Wiese’s preparation for carving out an expanded role in a deep backcourt featuring Chelsea Gray and Kristi Toliver has included using a nearby park’s outdoor court and the very same hoop in the Wiese driveway she practiced on as a child. The only catches: It has no backboard and no net.
Despite her desire to play on a regulation WNBA court again, surrounded by teammates and buoyed by the confidence from her contract extension, her experience with COVID-19 has taught her first-hand the hurdles standing in the way of a season.
“I’ve gone back and forth with is it safe, is it safe to be opening things back up, is it safe to play sports?” she said. “Because you’re in such close contact with people, breathing heavily on each other. There’s been so much talk of the virus being passed through surfaces, so you’re touching a ball. I touch my face all the time. I wouldn’t be surprised if, when I was in Spain, you never know because I was touching the bottom of my shoes and then wiping sweat on my face. You just don’t know.

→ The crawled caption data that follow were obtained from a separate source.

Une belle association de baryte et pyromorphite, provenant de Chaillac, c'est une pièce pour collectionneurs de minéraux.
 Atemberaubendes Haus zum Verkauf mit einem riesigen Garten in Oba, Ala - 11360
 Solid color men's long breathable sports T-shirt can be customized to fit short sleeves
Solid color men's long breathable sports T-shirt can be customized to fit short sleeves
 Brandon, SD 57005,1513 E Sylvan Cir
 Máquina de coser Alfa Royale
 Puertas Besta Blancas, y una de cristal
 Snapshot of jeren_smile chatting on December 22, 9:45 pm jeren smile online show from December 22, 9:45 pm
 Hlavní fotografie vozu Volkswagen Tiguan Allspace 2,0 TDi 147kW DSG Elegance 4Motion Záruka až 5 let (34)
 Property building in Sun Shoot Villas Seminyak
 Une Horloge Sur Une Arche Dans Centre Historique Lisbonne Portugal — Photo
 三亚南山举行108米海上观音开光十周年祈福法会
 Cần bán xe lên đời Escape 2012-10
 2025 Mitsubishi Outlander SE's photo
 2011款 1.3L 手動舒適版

“There are so many unknowns that come with it, and so I feel for the people who are in positions to make these difficult decisions. I mean, there are so many things to take into account. The health and safety of people in general, I mean, that is the main focus and the main priority, but trying to also come to terms or come to a place of what a season could look like, if it’s in people’s best interest. That’s a lot to take into consideration.”
It was why opening her planner last weekend, and seeing the reminder of the May 16 season opener against Washington that she’d scribbled in pre-pandemic, felt like finding an artifact from another time.
“It was an interesting idea that with all this going on that we should be playing basketball,” she said. “Because that doesn’t even seem — a lot of it doesn’t seem real sometimes.”